Task to carry out: Make a word-for-word copy of the entries below from their first line through the line with "Now I'm going", and add nothing.

Available data:
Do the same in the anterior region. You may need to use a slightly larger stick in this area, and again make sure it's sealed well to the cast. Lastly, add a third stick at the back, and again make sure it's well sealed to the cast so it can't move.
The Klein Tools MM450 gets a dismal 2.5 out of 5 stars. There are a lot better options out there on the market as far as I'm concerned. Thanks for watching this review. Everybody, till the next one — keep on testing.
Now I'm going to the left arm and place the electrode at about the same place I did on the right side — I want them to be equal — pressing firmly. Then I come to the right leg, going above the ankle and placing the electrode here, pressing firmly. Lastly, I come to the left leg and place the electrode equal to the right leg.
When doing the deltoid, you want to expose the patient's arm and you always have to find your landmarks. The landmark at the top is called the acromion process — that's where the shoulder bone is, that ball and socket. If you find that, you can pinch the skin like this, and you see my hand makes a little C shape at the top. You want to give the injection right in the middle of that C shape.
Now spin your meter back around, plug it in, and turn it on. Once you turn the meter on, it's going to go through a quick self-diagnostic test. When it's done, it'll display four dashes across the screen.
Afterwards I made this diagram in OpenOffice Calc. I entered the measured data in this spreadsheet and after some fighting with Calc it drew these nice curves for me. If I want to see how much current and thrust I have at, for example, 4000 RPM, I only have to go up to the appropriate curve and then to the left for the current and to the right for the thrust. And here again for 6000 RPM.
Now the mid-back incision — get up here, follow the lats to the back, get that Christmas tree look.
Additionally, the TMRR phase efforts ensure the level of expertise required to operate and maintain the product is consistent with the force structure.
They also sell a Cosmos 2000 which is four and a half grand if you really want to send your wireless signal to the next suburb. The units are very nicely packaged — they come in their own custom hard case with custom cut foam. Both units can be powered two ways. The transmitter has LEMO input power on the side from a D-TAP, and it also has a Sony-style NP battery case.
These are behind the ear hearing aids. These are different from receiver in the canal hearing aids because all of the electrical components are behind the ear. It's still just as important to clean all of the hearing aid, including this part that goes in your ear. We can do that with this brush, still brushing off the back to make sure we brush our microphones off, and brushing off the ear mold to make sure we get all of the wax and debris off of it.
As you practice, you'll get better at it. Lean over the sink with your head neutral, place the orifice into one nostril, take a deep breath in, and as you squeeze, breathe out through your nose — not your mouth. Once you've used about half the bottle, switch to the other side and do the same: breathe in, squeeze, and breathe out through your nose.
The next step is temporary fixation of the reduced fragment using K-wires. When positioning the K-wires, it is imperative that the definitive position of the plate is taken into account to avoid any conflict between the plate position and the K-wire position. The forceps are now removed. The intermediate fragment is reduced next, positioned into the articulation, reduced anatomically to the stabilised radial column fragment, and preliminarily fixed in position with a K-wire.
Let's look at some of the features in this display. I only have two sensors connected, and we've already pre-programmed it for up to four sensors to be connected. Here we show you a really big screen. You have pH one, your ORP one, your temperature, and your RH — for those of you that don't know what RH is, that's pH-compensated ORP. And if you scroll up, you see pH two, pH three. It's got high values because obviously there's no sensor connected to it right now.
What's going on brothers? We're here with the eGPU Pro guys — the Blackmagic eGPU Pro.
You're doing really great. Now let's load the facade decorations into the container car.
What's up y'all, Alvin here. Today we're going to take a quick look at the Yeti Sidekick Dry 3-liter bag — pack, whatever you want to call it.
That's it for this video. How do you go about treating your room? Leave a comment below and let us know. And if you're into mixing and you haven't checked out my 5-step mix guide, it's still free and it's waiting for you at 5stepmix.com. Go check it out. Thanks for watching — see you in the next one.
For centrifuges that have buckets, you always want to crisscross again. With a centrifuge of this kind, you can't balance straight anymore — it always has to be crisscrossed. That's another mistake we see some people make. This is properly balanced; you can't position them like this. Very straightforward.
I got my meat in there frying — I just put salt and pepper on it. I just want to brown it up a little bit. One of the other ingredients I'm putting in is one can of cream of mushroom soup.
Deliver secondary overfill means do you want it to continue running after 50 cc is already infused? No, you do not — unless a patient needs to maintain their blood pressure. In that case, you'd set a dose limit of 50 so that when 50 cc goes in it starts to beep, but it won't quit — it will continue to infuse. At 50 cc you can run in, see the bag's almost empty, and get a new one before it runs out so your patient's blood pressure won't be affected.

Your solution:
Do the same in the anterior region. You may need to use a slightly larger stick in this area, and again make sure it's sealed well to the cast. Lastly, add a third stick at the back, and again make sure it's well sealed to the cast so it can't move.
The Klein Tools MM450 gets a dismal 2.5 out of 5 stars. There are a lot better options out there on the market as far as I'm concerned. Thanks for watching this review. Everybody, till the next one — keep on testing.
Now I'm going to the left arm and place the electrode at about the same place I did on the right side — I want them to be equal — pressing firmly. Then I come to the right leg, going above the ankle and placing the electrode here, pressing firmly. Lastly, I come to the left leg and place the electrode equal to the right leg.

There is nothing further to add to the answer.